**PROBLEM DETAILS:**
Print the data that follows exactly as it stands, from its first line through the line containing "Fille qui aime", and stop there.

*** PROVIDED MATERIAL ***

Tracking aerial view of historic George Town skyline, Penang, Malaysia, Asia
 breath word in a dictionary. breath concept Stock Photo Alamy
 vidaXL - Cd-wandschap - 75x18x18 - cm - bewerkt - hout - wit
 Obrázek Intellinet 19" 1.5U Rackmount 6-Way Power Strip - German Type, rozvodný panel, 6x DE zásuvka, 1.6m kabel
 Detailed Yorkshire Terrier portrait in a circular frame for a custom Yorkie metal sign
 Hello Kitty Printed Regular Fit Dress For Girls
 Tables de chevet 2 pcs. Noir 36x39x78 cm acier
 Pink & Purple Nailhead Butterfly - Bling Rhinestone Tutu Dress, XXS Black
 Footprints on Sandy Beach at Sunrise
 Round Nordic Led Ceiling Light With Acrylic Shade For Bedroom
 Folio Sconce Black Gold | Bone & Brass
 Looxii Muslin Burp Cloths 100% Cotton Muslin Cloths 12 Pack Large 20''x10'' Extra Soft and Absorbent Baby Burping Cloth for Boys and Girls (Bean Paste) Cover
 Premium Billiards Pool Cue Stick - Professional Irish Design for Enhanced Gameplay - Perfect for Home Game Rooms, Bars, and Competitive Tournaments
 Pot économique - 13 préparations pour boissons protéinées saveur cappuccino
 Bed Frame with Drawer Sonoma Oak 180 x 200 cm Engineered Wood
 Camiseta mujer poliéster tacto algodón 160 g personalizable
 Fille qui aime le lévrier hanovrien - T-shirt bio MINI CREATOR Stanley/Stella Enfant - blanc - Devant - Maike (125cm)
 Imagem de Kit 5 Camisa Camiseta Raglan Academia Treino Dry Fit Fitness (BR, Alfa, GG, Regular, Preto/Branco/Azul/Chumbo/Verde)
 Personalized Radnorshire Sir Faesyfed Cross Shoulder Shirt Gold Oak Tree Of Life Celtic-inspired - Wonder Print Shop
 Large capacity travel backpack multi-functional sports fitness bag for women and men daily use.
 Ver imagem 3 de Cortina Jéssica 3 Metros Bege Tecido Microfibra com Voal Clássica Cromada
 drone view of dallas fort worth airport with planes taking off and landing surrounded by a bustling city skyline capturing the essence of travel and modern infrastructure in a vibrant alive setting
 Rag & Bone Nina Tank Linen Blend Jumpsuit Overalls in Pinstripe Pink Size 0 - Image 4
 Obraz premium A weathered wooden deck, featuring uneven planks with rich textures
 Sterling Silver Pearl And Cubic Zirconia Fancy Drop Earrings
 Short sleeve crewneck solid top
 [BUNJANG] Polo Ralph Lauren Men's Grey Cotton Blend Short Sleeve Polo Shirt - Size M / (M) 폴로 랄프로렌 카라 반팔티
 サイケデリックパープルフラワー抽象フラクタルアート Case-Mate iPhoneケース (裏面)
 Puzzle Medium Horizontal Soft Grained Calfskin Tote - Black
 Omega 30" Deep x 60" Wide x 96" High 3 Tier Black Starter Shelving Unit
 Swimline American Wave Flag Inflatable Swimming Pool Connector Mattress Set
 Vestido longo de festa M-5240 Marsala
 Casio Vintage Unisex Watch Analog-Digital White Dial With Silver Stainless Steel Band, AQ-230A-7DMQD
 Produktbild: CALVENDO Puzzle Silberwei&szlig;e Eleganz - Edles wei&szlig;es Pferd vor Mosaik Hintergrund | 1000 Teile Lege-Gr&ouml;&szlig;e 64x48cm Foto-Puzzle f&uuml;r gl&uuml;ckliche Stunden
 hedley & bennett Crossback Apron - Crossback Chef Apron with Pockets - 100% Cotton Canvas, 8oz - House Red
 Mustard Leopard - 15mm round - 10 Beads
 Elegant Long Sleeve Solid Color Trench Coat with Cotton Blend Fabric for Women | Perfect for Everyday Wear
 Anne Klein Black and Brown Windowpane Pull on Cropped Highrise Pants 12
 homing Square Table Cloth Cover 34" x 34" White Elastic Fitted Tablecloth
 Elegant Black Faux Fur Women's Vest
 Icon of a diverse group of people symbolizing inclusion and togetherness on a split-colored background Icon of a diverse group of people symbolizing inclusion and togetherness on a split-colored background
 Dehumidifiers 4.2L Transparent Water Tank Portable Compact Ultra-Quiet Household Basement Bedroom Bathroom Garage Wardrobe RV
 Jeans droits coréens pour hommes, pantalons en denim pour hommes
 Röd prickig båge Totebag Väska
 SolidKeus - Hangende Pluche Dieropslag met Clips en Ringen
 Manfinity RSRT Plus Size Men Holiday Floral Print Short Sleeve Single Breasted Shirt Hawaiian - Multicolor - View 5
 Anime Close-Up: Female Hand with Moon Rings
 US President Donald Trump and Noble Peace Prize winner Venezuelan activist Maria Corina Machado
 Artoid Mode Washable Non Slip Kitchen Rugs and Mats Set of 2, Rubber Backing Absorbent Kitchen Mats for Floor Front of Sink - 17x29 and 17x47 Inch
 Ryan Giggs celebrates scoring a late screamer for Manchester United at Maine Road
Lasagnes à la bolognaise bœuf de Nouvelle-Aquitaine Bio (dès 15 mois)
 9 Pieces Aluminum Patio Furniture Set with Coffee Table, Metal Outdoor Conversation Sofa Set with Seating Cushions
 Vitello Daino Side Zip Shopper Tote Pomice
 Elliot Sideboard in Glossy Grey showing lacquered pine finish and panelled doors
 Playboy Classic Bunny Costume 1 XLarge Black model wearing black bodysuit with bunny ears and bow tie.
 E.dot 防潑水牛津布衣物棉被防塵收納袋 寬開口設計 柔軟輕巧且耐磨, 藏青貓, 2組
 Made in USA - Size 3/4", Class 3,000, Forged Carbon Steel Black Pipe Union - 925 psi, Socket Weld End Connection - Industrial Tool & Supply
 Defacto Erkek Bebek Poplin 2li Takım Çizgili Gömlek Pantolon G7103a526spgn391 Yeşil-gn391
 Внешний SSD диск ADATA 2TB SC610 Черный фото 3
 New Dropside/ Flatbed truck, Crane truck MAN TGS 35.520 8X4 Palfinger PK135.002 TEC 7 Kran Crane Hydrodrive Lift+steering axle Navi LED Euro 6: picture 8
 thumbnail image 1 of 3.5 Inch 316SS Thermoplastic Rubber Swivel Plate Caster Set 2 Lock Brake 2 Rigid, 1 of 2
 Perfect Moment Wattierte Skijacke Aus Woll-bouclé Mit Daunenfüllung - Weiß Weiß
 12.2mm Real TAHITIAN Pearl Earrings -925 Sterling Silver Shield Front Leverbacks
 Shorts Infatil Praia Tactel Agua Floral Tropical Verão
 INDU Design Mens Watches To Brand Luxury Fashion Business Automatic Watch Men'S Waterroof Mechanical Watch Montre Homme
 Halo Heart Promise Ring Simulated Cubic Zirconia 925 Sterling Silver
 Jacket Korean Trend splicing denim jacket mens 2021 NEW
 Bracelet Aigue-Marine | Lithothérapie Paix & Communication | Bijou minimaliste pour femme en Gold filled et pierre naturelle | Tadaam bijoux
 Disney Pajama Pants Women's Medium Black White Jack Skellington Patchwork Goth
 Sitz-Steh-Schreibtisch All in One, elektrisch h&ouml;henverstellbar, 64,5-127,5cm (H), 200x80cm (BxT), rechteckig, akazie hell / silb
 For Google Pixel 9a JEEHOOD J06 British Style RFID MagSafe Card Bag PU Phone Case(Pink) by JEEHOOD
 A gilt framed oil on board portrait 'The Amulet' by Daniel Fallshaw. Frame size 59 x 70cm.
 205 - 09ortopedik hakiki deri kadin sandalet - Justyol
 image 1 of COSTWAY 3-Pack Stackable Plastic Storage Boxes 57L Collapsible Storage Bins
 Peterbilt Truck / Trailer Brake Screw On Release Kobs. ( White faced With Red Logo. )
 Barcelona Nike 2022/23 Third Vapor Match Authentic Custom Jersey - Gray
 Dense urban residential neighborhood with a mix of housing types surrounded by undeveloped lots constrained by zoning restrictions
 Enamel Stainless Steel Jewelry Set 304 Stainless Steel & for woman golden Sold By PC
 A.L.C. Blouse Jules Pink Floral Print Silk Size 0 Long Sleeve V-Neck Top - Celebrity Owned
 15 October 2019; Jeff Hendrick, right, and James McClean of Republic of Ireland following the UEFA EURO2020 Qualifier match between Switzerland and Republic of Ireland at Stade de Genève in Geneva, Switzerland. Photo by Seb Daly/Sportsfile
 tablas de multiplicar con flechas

***

**ANSWER TO THIS TASK:**
Tracking aerial view of historic George Town skyline, Penang, Malaysia, Asia
 breath word in a dictionary. breath concept Stock Photo Alamy
 vidaXL - Cd-wandschap - 75x18x18 - cm - bewerkt - hout - wit
 Obrázek Intellinet 19" 1.5U Rackmount 6-Way Power Strip - German Type, rozvodný panel, 6x DE zásuvka, 1.6m kabel
 Detailed Yorkshire Terrier portrait in a circular frame for a custom Yorkie metal sign
 Hello Kitty Printed Regular Fit Dress For Girls
 Tables de chevet 2 pcs. Noir 36x39x78 cm acier
 Pink & Purple Nailhead Butterfly - Bling Rhinestone Tutu Dress, XXS Black
 Footprints on Sandy Beach at Sunrise
 Round Nordic Led Ceiling Light With Acrylic Shade For Bedroom
 Folio Sconce Black Gold | Bone & Brass
 Looxii Muslin Burp Cloths 100% Cotton Muslin Cloths 12 Pack Large 20''x10'' Extra Soft and Absorbent Baby Burping Cloth for Boys and Girls (Bean Paste) Cover
 Premium Billiards Pool Cue Stick - Professional Irish Design for Enhanced Gameplay - Perfect for Home Game Rooms, Bars, and Competitive Tournaments
 Pot économique - 13 préparations pour boissons protéinées saveur cappuccino
 Bed Frame with Drawer Sonoma Oak 180 x 200 cm Engineered Wood
 Camiseta mujer poliéster tacto algodón 160 g personalizable
 Fille qui aime le lévrier hanovrien - T-shirt bio MINI CREATOR Stanley/Stella Enfant - blanc - Devant - Maike (125cm)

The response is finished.